Completada esta prueba y al cabo de algunas horas más de camino llegamos a la Torre Lava, con sus 4 mil 600 metros de altura. Una vez recuperamos el aliento y tomamos muchas fotos en el letrero que confirmaba esta hazaña, almorzamos. Con la fiel ayuda de nuestros bastones y el apoyo moral y a veces físico de nuestros guías llegamos con las rodillas flaqueadas a la base del descenso. Allí, busqué impaciente alguna pista que nos llevase a nuestras tiendas de campaña naranjas. Faltaba un tercer tramo que escalar.
En la cima de África
Una vez en nuestro campamento, presenciamos otro atardecer. El cielo se derretía frente a nuestros ojos y el día le daba un beso a la noche. Extenuada, pero feliz, caí en un sueño profundo que disfruté hasta que repentinamente requerí del baño. Un frío bajo cero me paralizó por algunos segundos mientras alistaba mi linterna, preparándome mentalmente para abandonar mi tiendita relativamente cálida. Mientras deambulaba en medio de la oscuridad, me sorprendió la cima del Kilimanjaro con millones de estrellas incrustadas. Apagué mi linterna y disfruté de ese efecto del reflejo de la luna sobre la nieve.

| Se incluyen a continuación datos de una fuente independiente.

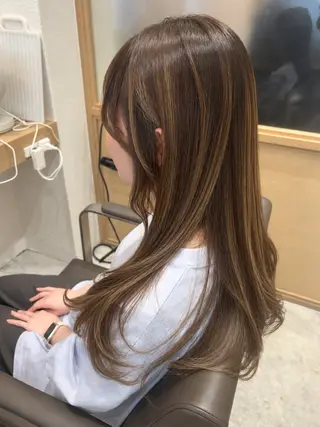 ロング カラー 久木原 ゆりのヘアスタイル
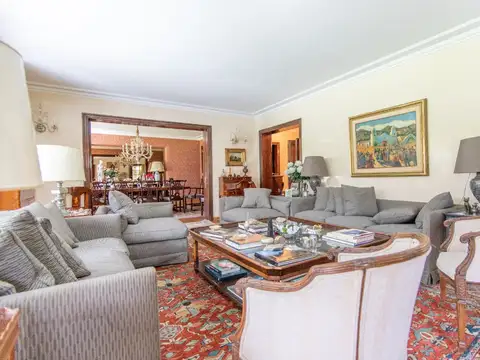 Excelente residencia de categoría, en Lomas de San Isidro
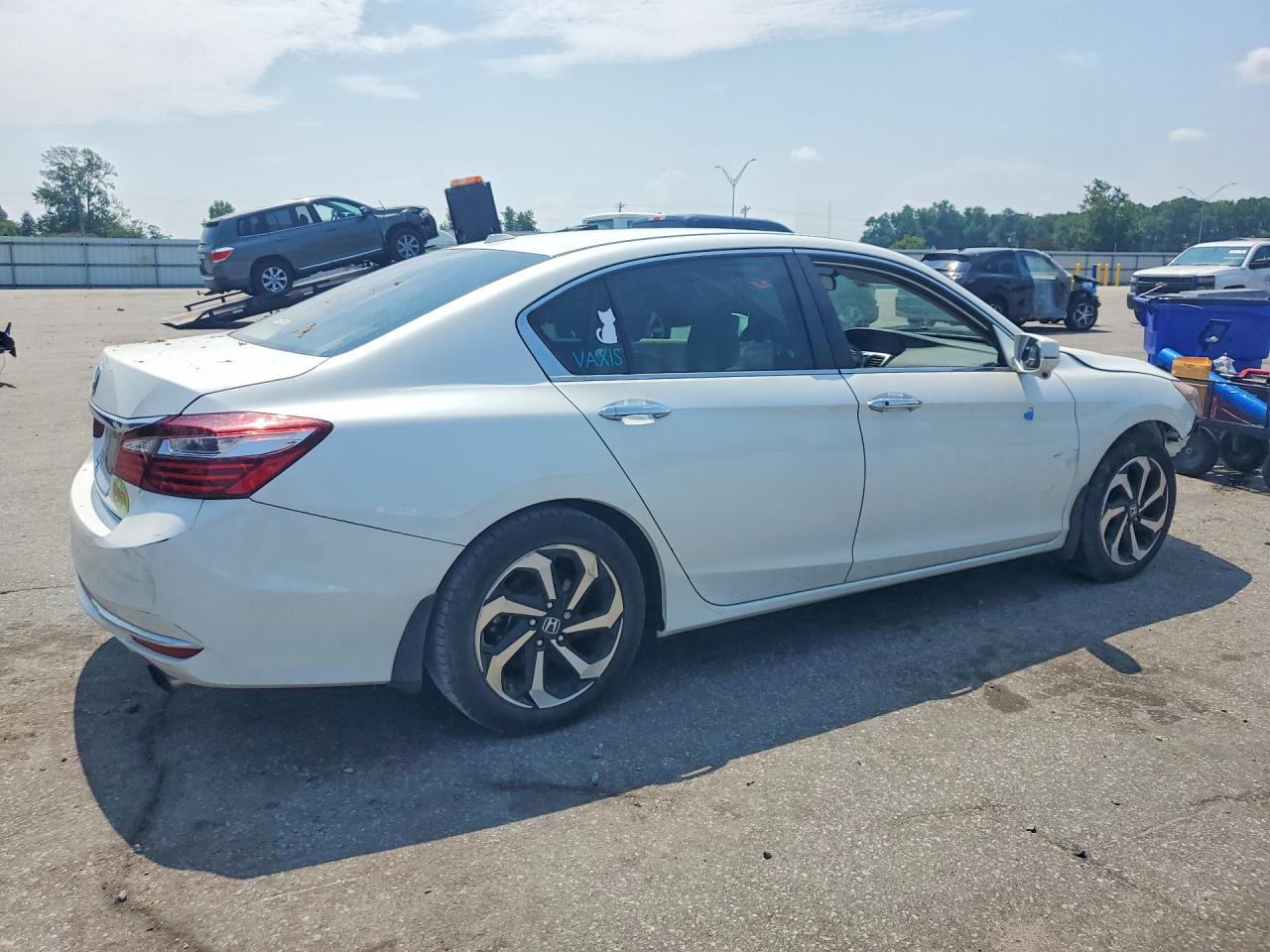 2017 HONDA ACCORD 4D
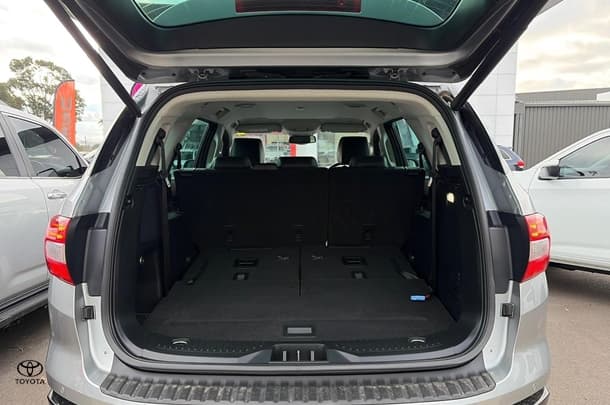 2021 Ford Everest Sport in Pink
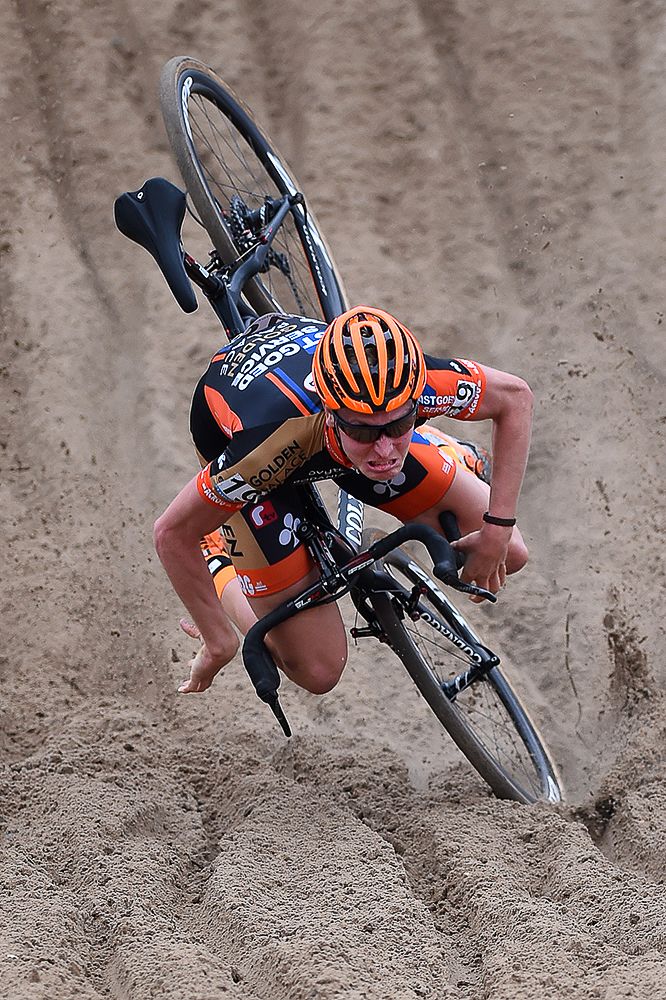 Tim Merlier (Bel) crashes in the sand at Zonhoven.
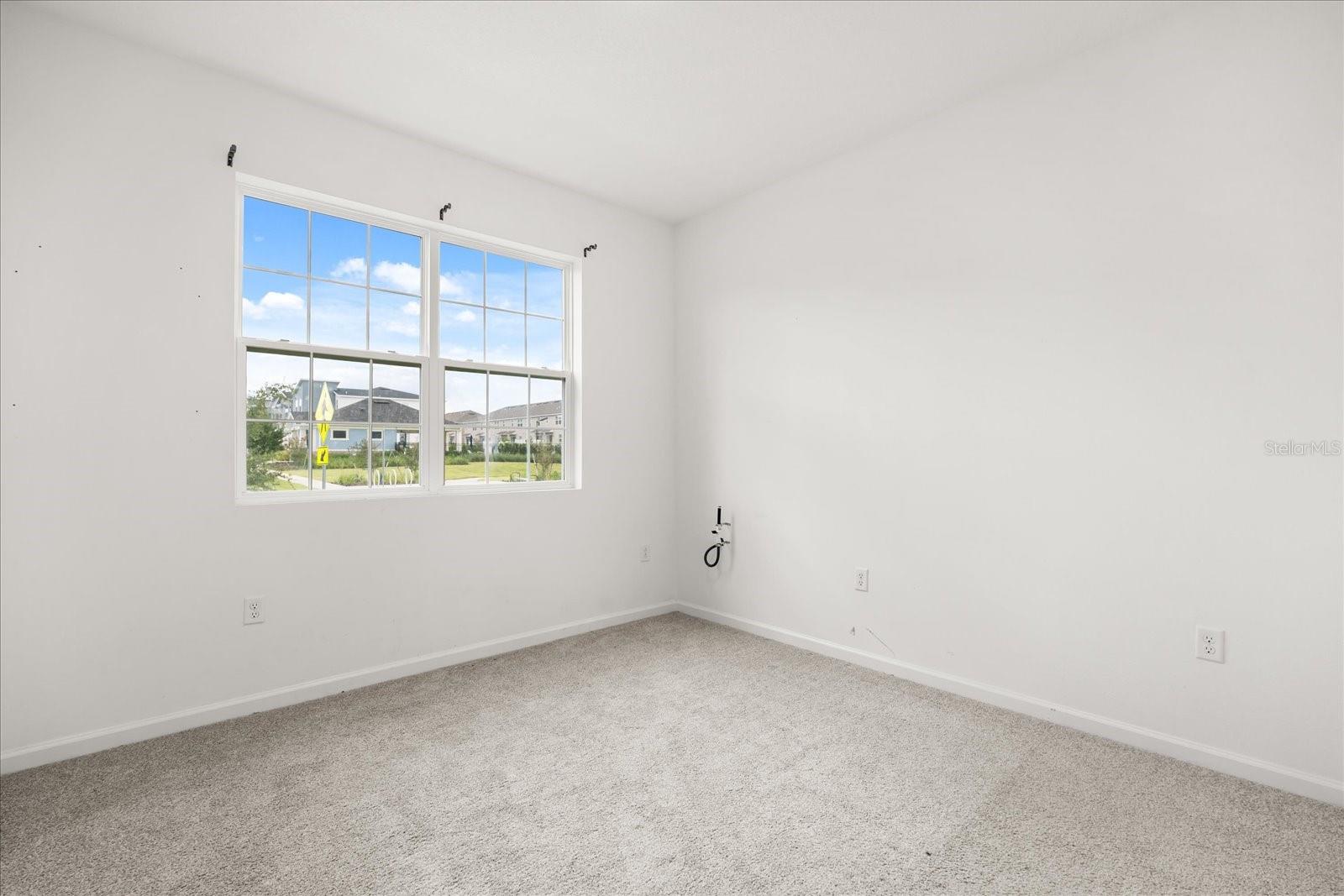 Image 25 of 35 For 1051 Lakeshore Breeze Place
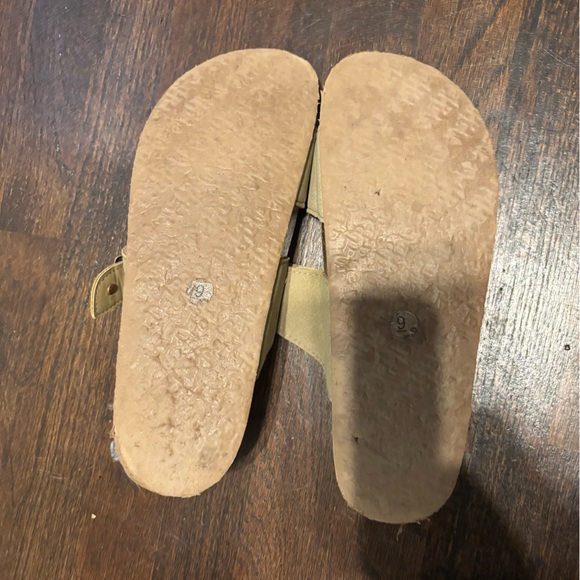 Clasp Slide Sandals - Picture 2 of 3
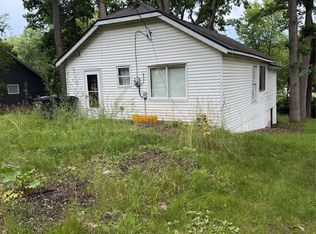 10171 Skeman Rd, Brighton, MI 48114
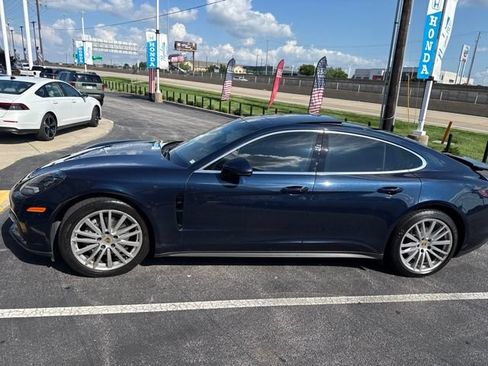 Used 2017 Porsche Panamera 4 AWD/4WD image 6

Cada día descubríamos un nuevo rostro del monte. Luego de despertarme en las nubes y empacar mi dosis diaria de aventura nos dejamos cautivar por la mística del desierto alpino. En medio de esa nada y ese todo, el tiempo se nos fugó. Mientras sosteníamos el paso, junto a dos de mis amigas, pasamos de la risa al llanto mientras retratábamos el presente y diseñábamos el futuro. Fue un tramo muy especial nutrido de mucha reflexión, donde tres chicas se confesaron con la montaña.
El que tengo registrado como el día más largo de mi vida, inició poco antes de la medianoche con un cielo estrellado. Caminé despacio, consciente de mi respiración. Con seis horas de camino por delante, silencié la mente y abrí el corazón, sintiendo la presencia de Dios en cada paso, y la guía de mis seres queridos que ya habían partido. Lloré, recé, conversé largo con Dios, pero sobretodo agradecí. Fue único el instante en que la noche se transformó en día, en unos segundos, y de repente el punto Stella estaba al alcance de mi vista. La felicidad se apoderó de mí. Estaba casi en la cima.
En la cima de África
Recargada de energía y con el corazón latiendo a mil, aceleré el paso y me dejé cautivar por los majestuosos glaciares, guardianes del Kilimanjaro, los cuales parecían castillos de hielo entre las nubes. Una ráfaga helada me recordó que seguía siendo humana. Y mis pies tocaron el Pico Uhuru; estaba a 5 mil 895 metros de altura, en la cima de África.
En siete días aprendí más de lo que he aprendido en años, y aunque muchas de esas lecciones las conocía, la montaña me permitió vivirlas como para que nunca las olvide, y sobre todo, para que nunca la olvide.